La Commissione Ue ha multato Apple per 500 milioni di euro e Meta per 200 milioni per violazioni del regolamento sui mercati digitali Dma.
Per il gruppo della Mela afferma di aver accertato la violazione dell’obbligo di anti-steering, che ha impedito cioè che i consumatori potessero essere reindirizzati a servizi esterni.
DMA Steering” (o “anti-steering”) si riferisce a una clausola chiave del Digital Markets Act (DMA) europeo, che mira a garantire che le piattaforme digitali non influenzino scorrettamente gli utenti verso i propri prodotti o servizi. In pratica, le piattaforme non possono ostacolare i consumatori nel trovare alternative o nel ricevere informazioni su offerte più vantaggiose da parte di altri fornitori.
Il Digital Markets Act (DMA) è stato redatto dalla Commissione Europea, in particolare dai Commissari Europei per l’Agenda Digitale Margrethe Vestager e per il Mercato Interno Thierry Breton.
Alla casa madre di Facebook contesta invece di aver violato l’obbligo di offrire la possibilità di scegliere un servizio che utilizzi meno dati personali. Si tratta delle prime sanzioni decise per inadempienze del Dma. Lo annuncia una nota ripresa da Ansa.

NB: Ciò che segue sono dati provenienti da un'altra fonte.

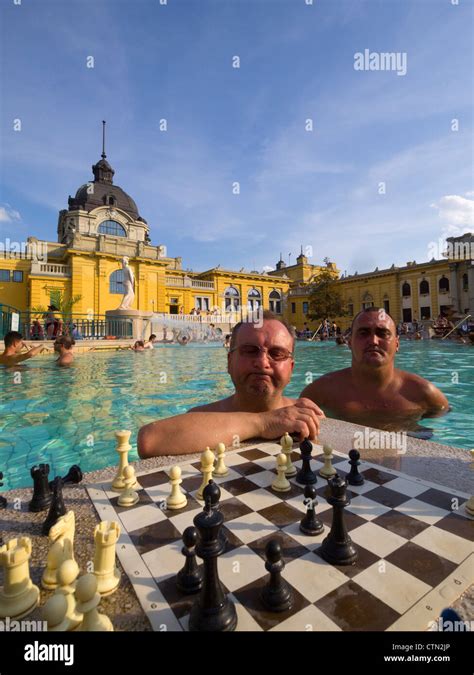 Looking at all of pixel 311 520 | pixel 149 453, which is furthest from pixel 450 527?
pixel 149 453

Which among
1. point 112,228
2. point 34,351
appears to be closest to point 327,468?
point 34,351

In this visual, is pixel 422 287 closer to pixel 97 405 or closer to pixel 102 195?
pixel 102 195

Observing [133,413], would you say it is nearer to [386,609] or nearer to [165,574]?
[165,574]

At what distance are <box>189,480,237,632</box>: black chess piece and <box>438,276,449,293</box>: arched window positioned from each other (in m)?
36.9

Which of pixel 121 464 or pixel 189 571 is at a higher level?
pixel 121 464

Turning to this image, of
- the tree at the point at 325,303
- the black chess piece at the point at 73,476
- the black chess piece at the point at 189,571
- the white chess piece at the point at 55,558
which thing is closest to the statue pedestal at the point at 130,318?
the black chess piece at the point at 73,476

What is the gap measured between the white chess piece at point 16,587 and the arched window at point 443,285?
37.3m

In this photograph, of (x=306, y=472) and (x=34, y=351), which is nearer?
(x=306, y=472)

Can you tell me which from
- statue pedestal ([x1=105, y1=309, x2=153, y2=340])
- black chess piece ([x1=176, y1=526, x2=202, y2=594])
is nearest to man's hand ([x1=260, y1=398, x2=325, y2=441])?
black chess piece ([x1=176, y1=526, x2=202, y2=594])

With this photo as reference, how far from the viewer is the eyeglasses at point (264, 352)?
240cm

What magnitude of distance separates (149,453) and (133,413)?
8.34 ft

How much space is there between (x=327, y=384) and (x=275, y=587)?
327 centimetres

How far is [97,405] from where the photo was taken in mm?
4879

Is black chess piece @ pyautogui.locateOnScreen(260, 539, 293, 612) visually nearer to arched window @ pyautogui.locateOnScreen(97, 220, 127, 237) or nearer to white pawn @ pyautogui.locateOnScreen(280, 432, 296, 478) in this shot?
white pawn @ pyautogui.locateOnScreen(280, 432, 296, 478)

Sia Apple e Meta sono tenute ora a conformarsi alle decisioni della Commissione europea e rimuovere i comportamenti contestati entro 60 giorni, altrimenti rischiano il pagamento di sanzioni periodiche. Le sanzioni inflitte, ha spiegato l’esecutivo comunitario, hanno tenuto conto della gravità e della durata della non conformità, e sono ben al di sotto del tetto del 10% del fatturato previsto dal Dma per le multe in caso di violazioni.

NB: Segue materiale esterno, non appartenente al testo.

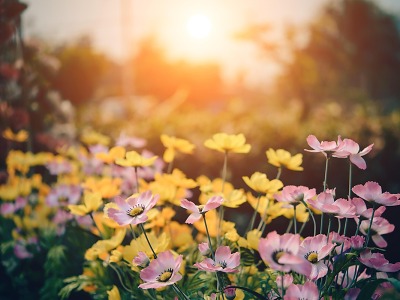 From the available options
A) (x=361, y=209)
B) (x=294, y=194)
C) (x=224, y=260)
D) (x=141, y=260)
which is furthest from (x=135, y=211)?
(x=361, y=209)

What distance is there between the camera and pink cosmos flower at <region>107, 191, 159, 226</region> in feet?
3.86

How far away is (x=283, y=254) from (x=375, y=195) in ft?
1.19

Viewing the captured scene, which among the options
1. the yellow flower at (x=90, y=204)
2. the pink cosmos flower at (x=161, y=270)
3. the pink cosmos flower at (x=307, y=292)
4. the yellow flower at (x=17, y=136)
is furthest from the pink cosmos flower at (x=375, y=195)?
the yellow flower at (x=17, y=136)

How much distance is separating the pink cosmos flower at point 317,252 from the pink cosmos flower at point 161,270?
292 mm

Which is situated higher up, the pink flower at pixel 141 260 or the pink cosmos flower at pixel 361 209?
the pink cosmos flower at pixel 361 209

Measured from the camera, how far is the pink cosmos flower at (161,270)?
3.53ft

Nel dettaglio, per quanto riguarda Apple ai sensi del Dma gli sviluppatori di app distribuite sull’App Store di Apple dovrebbero poter informare i clienti di offerte alternative esterne, indirizzarli verso tali offerte e consentire loro di effettuare acquisti. Secondo la Commissione però Apple non ha rispettato tale obbligo e l’azienda non ha dimostrato che le restrizioni siano necessarie e proporzionate. La commissione ordina quindi ad Apple di rimuovere restrizioni tecniche e commerciali sulla gestione delle app e di astenersi dal proseguire nella condotta non conforme. La Commissione afferma anche di aver chiuso l’indagine sugli obblighi di Apple in materia di scelta dell’utente, grazie al coinvolgimento tempestivo e proattivo di Apple nella ricerca di una soluzione di conformità.

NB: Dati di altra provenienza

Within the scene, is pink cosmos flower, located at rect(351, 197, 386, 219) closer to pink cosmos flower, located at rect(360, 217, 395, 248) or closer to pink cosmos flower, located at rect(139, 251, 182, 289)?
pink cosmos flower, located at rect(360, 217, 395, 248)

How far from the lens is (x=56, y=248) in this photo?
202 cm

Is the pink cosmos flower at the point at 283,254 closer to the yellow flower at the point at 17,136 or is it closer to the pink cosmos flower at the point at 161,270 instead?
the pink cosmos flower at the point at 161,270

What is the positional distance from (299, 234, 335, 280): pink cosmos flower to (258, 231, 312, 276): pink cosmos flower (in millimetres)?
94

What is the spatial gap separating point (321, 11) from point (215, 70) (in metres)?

Quanto a Meta, la decisione di non conformità riguarda il modello ‘consenso o pagamento’ introdotto a novembre 2023 per gli utenti di Faceook e Instagram, che potevano scegliere se acconsentire alla combinazione di dati personali per la pubblicità personalizzata o pagare un abbonamento mensile per un servizio senza pubblicità. Ai sensi del Dma, le società designate come gatekeeper sulla base del regolamento devono richiedere il consenso degli utenti per combinare i loro dati personali tra i servizi. Gli utenti che non acconsentono devono avere accesso a un’alternativa meno personalizzata ma equivalente. Secondo l’esecutivo Ue il modello introdotto da Meta non consentiva agli utenti di esercitare il diritto di acconsentire liberamente alla combinazione dei propri dati personali. La sanzione colpisce nel dettaglio solo l’offerta tra marzo 2024, all’entrata in vigore degli obblighi del Dma, e novembre 2024, quando Meta ha cambiato il modello. La nuova offerta di Meta, con un’opzione che utilizza una quantità minore di dati personali per visualizzare gli annunci pubblicitari, resta invece sotto esame.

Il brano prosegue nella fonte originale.